オランダでチーズ工場が初めて誕生したのは1874年。そして20世紀初頭のピーク時には九州と同じくらいの国土に876カ所のチーズ工場がありました。その後、技術が進歩し、工場は合併を重ね、1990年代には63カ所に減少しましたが、チーズの生産量は工場の数に反比例してずっと増え続けています。

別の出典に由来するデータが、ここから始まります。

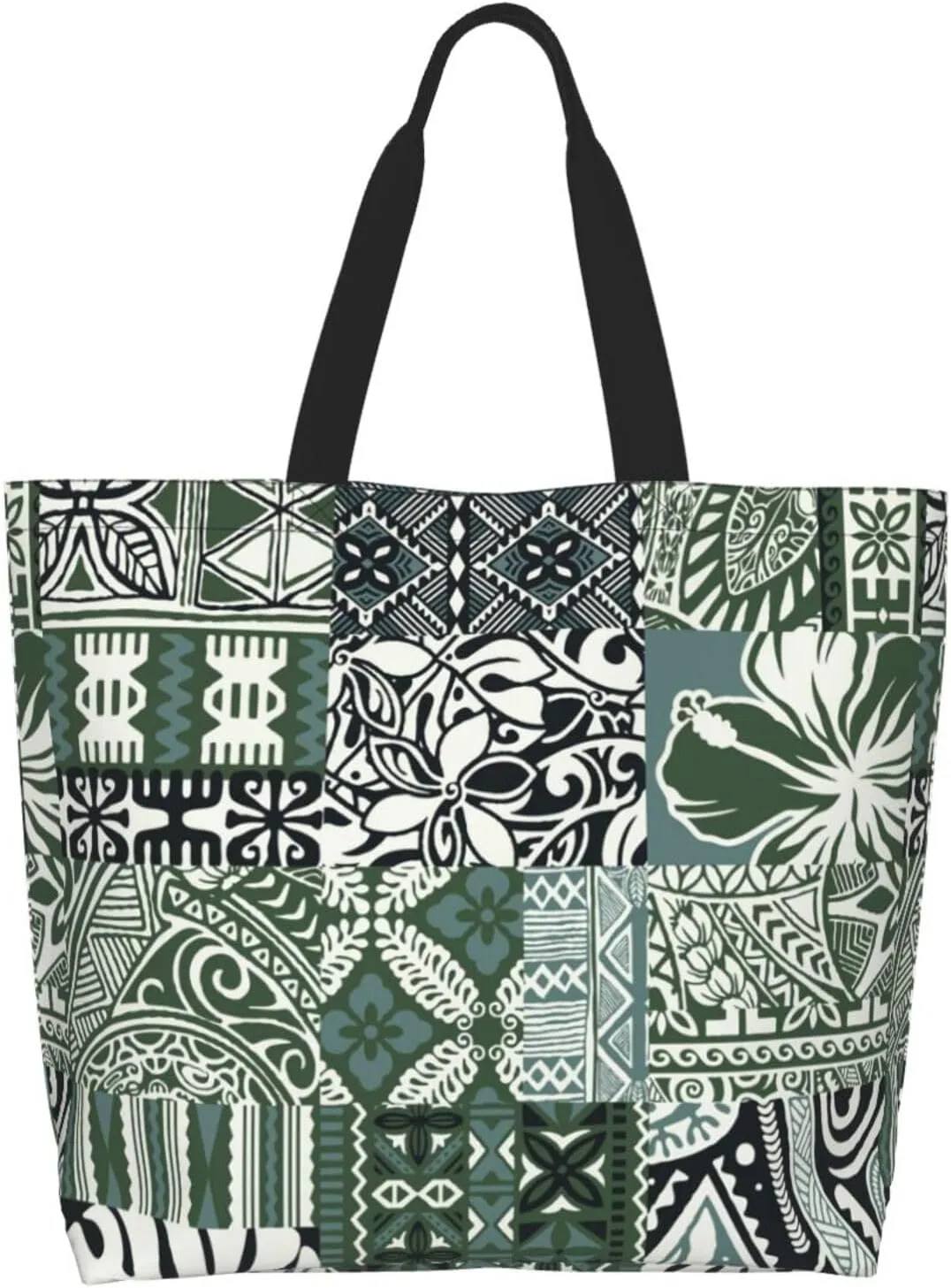 Hawaii Flower Jellyfish Grocery Bag Hawaii Shopping Bag Handbag Beach Grocery Bags Tote Bag Canvas Bag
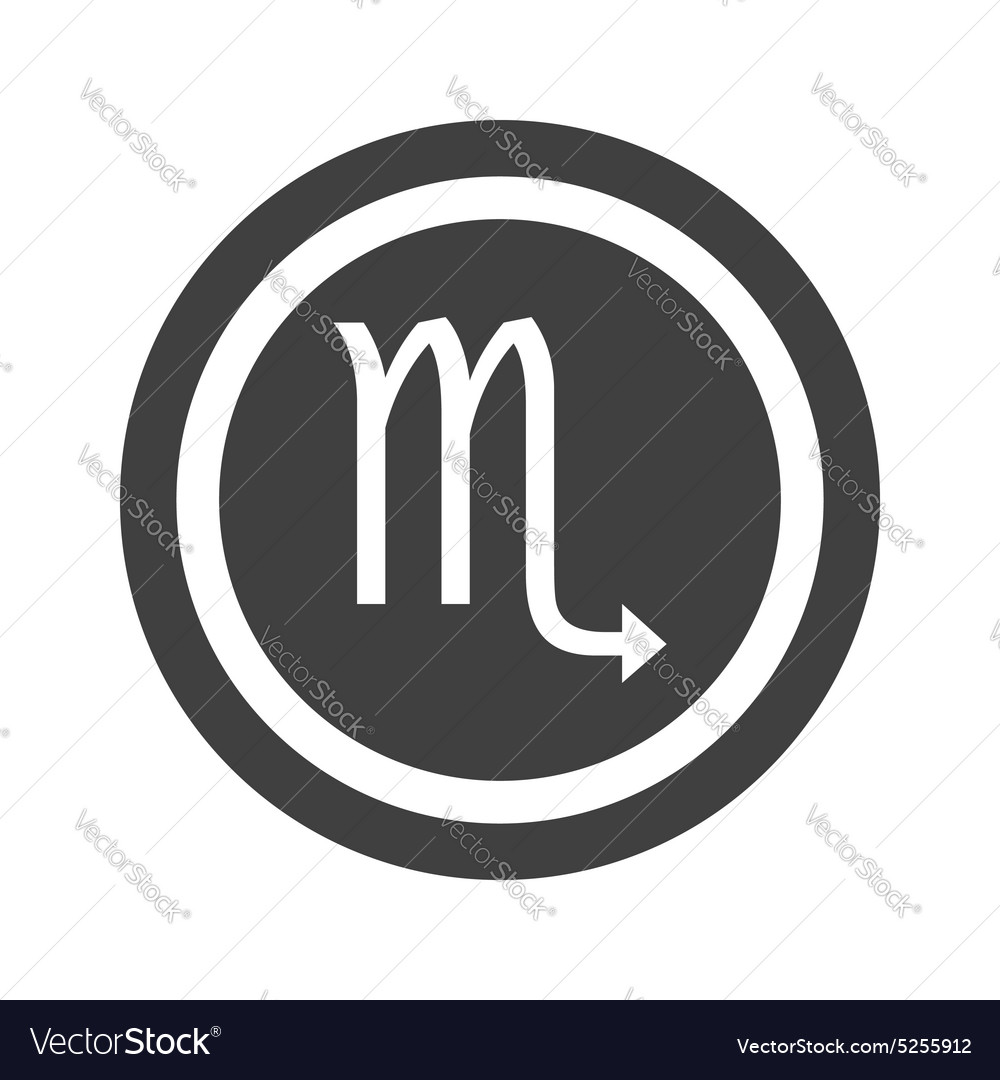 Round black scorpio sign Royalty Free Vector Image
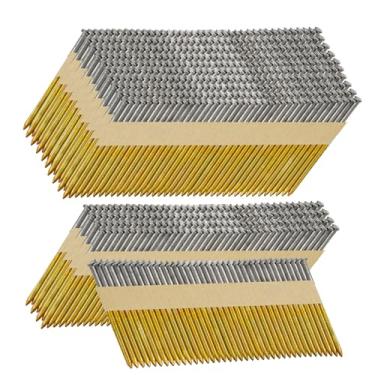 Imagem de SITLDY Pregos de enquadramento de 30 a 34 graus, haste lisa de 3 1/2 x 332.7 cm, 520 unidades, pregos de fita de papel galvanizado mergulhado a quente com cabeça D, para pregador de moldura de 30 a 34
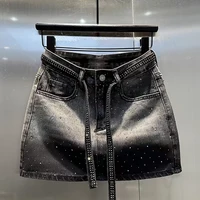 Oversize Retro Diamond Denim Mini Skirt for Women Summer High Waist Shiny Rivet Slim Skirts Gradient Black Grey Jean Skirts - Image 6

オランダの特徴的なところは、こうした工業化に対して、小規模の農家によるチーズ製造もそれなりに生き残ったところです。現在も工場と農家は対立する関係にはなく、自家製のチーズを作っている農家が、オフシーズンなどに乳牛を工場に貸し出したりして、工場と農家は持ちつ持たれつの関係を保っています。

アルチザンチーズ from オランダ

ゴーダ・ブーレンカース(Gouda Boerenkaas)

ゴーダのアルチザンチーズ版。「ブーレンカース」とは「農家チーズ」の意味。製造元になる農家が、2件以内の他の農家からミルクを集めて作っています。牧草のみで育てられた牛のミルクを低温殺菌せずに使用しているだけに、工場製とは比べられない美味しさです。最近やっと日本にも輸入されるようになりましたが、品薄なのでなかなか入手できません。